Good can be good, but is the greater good if dead in the end.

That says a lot.[/quote]

It's a very loose parallel to the allegory of Jesus, no doubt, but it's very.. very loose. And I'm not even talking about the philosophical debate that could be had surrounding the events of the game and biblical story structure. I'm talking about logical outcomes for a war against a foe that has been built up to the point that it has in Mass Effect. Shepard already died once and that was against the Reapers lesser minions, I can't imagine that he/she will live through the events of this final chapter without some major hoop jumping.

[quote]Yes, the perfect way Bioware can design the third one is to have the life of Shepherd and the others live or die depending on the choices made in the previous two. Thats the way it should be designed, but to say that having Shepherd die strengthens the story is distasteful, especially considering that in other genres of literature and fantasy games it ended up like Im presenting it - like Lord of the Rings. Certain people died, yes, but guess what? The good guys won and they lived. They went on with their lives.

Acceptable losses are tolerable if their acceptable.
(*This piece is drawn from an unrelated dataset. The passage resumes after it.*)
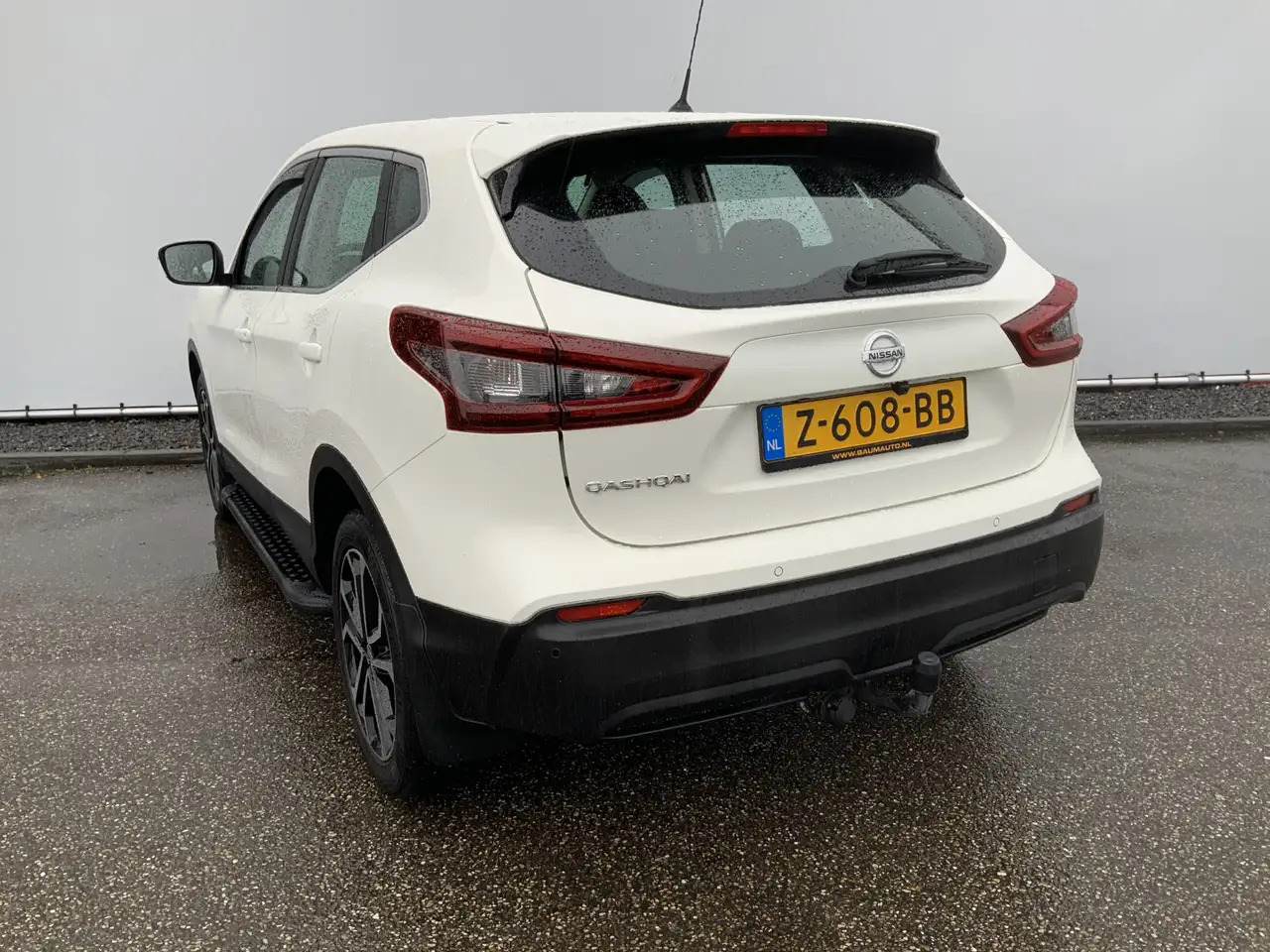 Nissan Qashqai 1.3 DIG-T Visia A SUV Airco Cruise Groot Scherm Na - SUV: picture 3 Nissan Qashqai 1.3 DIG-T Visia A SUV Airco Cruise Groot Scherm Na - SUV: picture 3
You dont have to have a near-impossible foe kill off everyone or just leave a few people alive to have a great story. [/quote]

And how is the bolded distasteful?  Really, you need to read some classic literature, much of it is riddled with character death, sorrow and tragedy along with happiness life and love.  Most of the best works I've ever read, that really had an impact on my reading life, were works that balanced those aspects.  Shepard dieing at the end wouldn't be distasteful unless you just can't stand your super hero being bested while still completeing their mission.  I'm assuming you never played ME2 with a total failure ending where Shepard dies and leaves Joker hanging on his own..  That's a great end for that story, although incomplete from the trilogly's standpoint.

And I never said that to have a great story you need to kill everyone off or have only a handful make it out, I was inferring that Shepard can die and it still be a great work of fiction. If the facts surrounding his survival are sound and don't seem like cop outs, I'll accept them just fine.  But in the way I see this story, those better be some pretty amazing plot points to escape the gravity of the situation that he/she faces.


[quote]Now, if you dont want that, then fine, dont, but I seriously do not believe that people play these type of games to have something like that happen as a matter of course, no matter what you do to stop it. [/quote]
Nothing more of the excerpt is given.